--- Aim of the task ---
Your reply should hold only the lines from the records below where "Apartment" occurs.

--- Material for this task ---

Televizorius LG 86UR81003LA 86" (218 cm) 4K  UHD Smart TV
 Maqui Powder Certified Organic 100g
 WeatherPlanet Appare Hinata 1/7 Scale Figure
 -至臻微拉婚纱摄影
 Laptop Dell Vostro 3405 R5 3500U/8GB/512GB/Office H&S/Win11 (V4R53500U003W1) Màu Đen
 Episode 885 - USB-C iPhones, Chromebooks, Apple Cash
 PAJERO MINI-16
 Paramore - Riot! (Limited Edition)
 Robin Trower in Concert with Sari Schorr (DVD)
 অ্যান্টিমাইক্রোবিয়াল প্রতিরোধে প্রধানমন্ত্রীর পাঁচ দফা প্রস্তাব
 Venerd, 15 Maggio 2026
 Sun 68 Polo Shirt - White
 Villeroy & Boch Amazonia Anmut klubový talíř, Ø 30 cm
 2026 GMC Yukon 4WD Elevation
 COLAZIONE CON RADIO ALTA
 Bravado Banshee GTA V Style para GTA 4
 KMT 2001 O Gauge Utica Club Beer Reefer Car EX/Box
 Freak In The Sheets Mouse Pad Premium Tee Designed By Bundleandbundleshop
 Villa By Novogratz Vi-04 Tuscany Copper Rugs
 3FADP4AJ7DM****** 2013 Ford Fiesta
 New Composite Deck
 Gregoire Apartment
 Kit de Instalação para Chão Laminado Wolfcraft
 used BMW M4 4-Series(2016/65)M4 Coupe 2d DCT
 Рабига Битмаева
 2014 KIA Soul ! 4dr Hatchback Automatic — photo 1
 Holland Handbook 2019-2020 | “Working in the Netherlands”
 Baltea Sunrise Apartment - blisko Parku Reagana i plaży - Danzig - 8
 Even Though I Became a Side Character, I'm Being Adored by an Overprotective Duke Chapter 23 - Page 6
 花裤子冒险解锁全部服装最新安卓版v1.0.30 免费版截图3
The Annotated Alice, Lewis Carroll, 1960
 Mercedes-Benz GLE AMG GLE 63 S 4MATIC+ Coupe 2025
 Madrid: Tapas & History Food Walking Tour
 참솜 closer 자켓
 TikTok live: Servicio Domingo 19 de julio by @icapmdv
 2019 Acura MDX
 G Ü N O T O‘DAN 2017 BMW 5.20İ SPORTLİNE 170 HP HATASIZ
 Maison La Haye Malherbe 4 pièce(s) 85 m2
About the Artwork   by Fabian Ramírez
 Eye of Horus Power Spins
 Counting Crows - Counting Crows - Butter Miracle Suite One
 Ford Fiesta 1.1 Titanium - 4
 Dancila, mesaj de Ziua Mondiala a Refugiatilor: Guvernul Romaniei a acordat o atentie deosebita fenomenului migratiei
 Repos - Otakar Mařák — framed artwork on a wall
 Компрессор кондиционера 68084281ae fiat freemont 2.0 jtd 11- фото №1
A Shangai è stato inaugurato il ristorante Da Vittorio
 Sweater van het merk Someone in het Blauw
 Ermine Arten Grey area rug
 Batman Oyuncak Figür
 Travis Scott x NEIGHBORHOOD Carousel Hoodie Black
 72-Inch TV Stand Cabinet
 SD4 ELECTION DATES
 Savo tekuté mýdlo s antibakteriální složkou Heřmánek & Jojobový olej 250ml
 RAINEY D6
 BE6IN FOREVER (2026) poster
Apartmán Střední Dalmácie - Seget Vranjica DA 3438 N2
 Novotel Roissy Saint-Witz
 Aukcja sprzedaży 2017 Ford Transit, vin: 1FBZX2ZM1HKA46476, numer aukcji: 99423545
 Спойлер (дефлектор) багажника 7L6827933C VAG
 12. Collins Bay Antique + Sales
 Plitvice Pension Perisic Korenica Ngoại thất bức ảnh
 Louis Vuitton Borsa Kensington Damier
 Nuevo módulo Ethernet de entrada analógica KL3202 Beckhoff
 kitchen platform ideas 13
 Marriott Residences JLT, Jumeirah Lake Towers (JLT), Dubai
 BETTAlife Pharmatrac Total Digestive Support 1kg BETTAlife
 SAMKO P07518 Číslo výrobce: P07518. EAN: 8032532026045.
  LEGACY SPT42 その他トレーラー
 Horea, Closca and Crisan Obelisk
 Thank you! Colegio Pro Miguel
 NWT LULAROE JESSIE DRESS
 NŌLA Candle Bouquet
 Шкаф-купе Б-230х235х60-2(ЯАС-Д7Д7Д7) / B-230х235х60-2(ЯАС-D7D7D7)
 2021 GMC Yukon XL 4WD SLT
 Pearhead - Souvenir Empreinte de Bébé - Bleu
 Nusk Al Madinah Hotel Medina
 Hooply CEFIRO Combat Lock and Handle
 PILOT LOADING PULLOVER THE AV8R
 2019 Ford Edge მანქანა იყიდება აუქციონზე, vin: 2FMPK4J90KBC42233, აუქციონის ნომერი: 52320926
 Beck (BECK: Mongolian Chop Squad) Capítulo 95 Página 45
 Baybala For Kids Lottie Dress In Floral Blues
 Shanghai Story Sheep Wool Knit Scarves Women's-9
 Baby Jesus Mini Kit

--- Answer section ---
 Gregoire Apartment
 Baltea Sunrise Apartment - blisko Parku Reagana i plaży - Danzig - 8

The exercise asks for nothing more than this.